Sin duda alguna, a pesar del supuesto desatino y aparente sadismo de mis padres (y es que sólo tenía escasos 6 años de edad) ese día cambió mi vida, porque no hay un animal en este mundo que me apasione más. De tal suerte, mi afición transitó de la playera, el afiche y la atracción en los Estudios Universales; a los libros, la adquisición de un diente fósil y el deseo inconmensurable de arrojarles carnada desde la comodidad de una embarcación segura e infalible (sueño no cumplido al día de hoy).

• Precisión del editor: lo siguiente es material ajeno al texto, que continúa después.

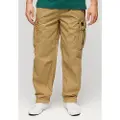 Superdry Baggy Parachute Bukser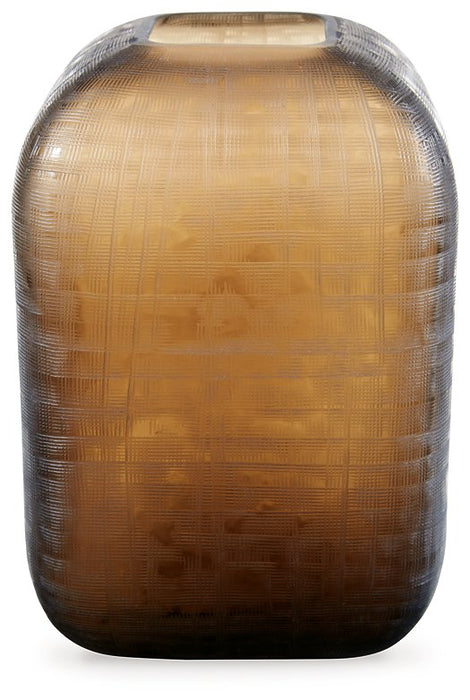 Capard Vase - Yulissa Home Furnishings (NJ)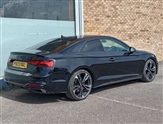 Audi A5 Image 5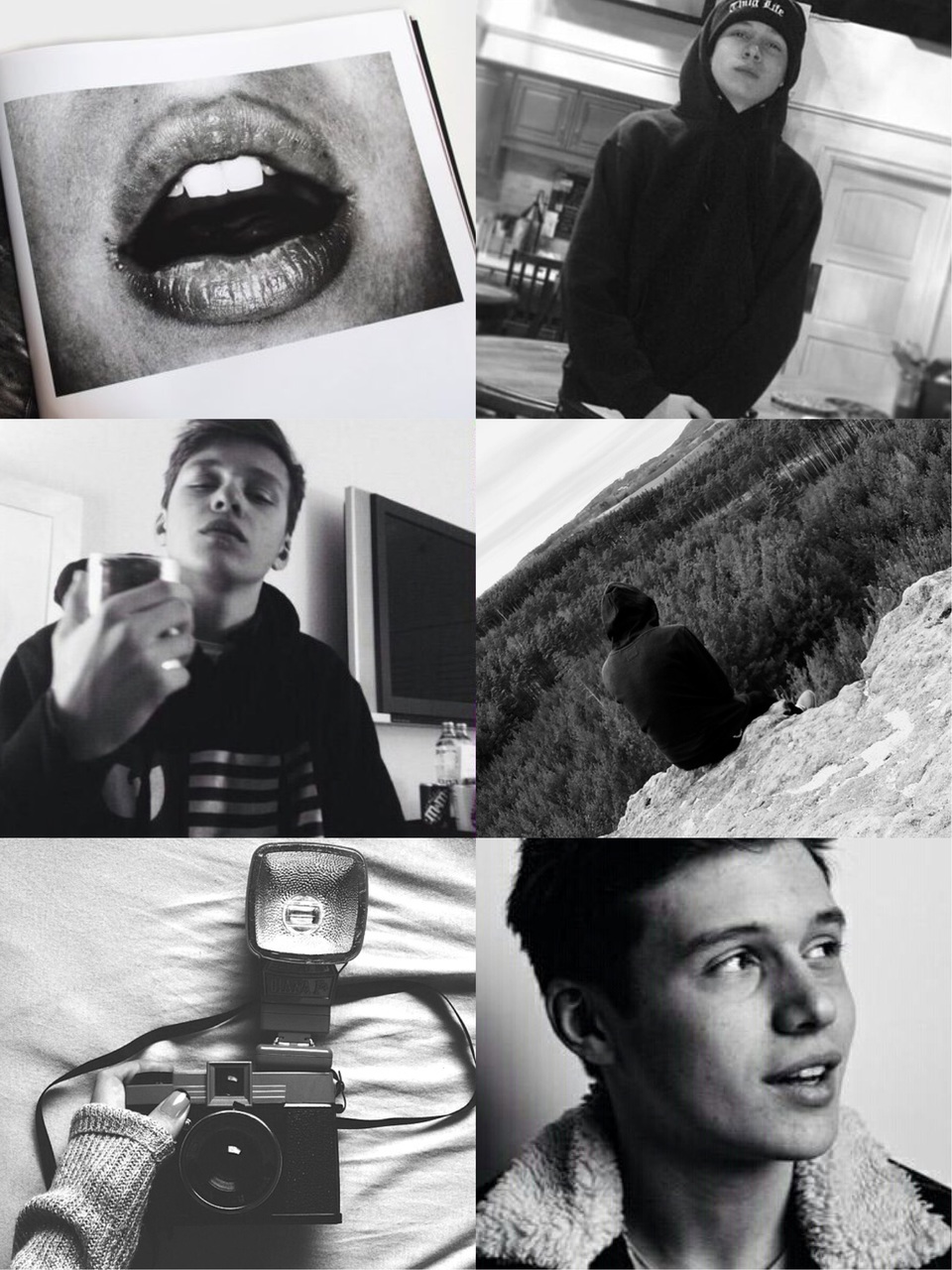 40 Images About 😱nick Robinson😱 On We Heart It - Nick Robinson , HD Wallpaper & Backgrounds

Con el tiempo, y con los golpes de la vida, mi carácter se fue tornando cada día más fuerte, justo como la piel del gran blanco; y me convencí a mí misma de que mi temperamento debía ser tan robusto, vigoroso y autónomo como el del mismísimo animal. Y sin embargo, debo revelar que en ocasiones, me reconozco a mi misma como una pequeña, delicada y sutil catarina.

Y para todo aquel que se esté cuestionando: y esto, como qué tiene que ver conmigo?, ahí les va.

Sin lugar a dudas todos, en algún momento de la vida, hemos tenido que arroparnos de armaduras de hierro, atuendos de dignatarios, indumentaria del ejército y atavíos de superhéroes que nos dan seguridad, cuando la vida nos aturde y se confunde con la guerra. Todos hemos tenido que engrosar nuestra piel (como la de los escualos) para pelear lo que nos toca y lo que nos corresponde, lo que yo llamo “nuestra parcela de paraíso” y qué mejor que dejar salir al “gran blanco” que llevamos dentro, al “megalodón colosal” para hacer frente de las batallas que nos toca encarar. Decía Rosario Castellanos: “La hazaña, la verdadera hazaña, es convertirse en lo que se es”. Quizás, en cada uno de nosotros habita un imponente tiburón blanco que nos ayuda a hacerle frente a la vida; y en mi caso, además, resguarda entre sus dientes puntiagudos, y se contrata como guarura, de la maravillosa, pequeña y apacible catarina, a la que cual también, en mi parcela de paraíso, le alquilo un hogar.

Que este Nuevo Año Judío Dios nos apapache y nos consienta, que nos cuide y nos asista, que nos mire y nos reconozca, y que se sienta orgulloso y no se arrepienta nunca de habernos formado, con el material Divino del que nos creó.

Adela Faena Hop.

2015 – 5776.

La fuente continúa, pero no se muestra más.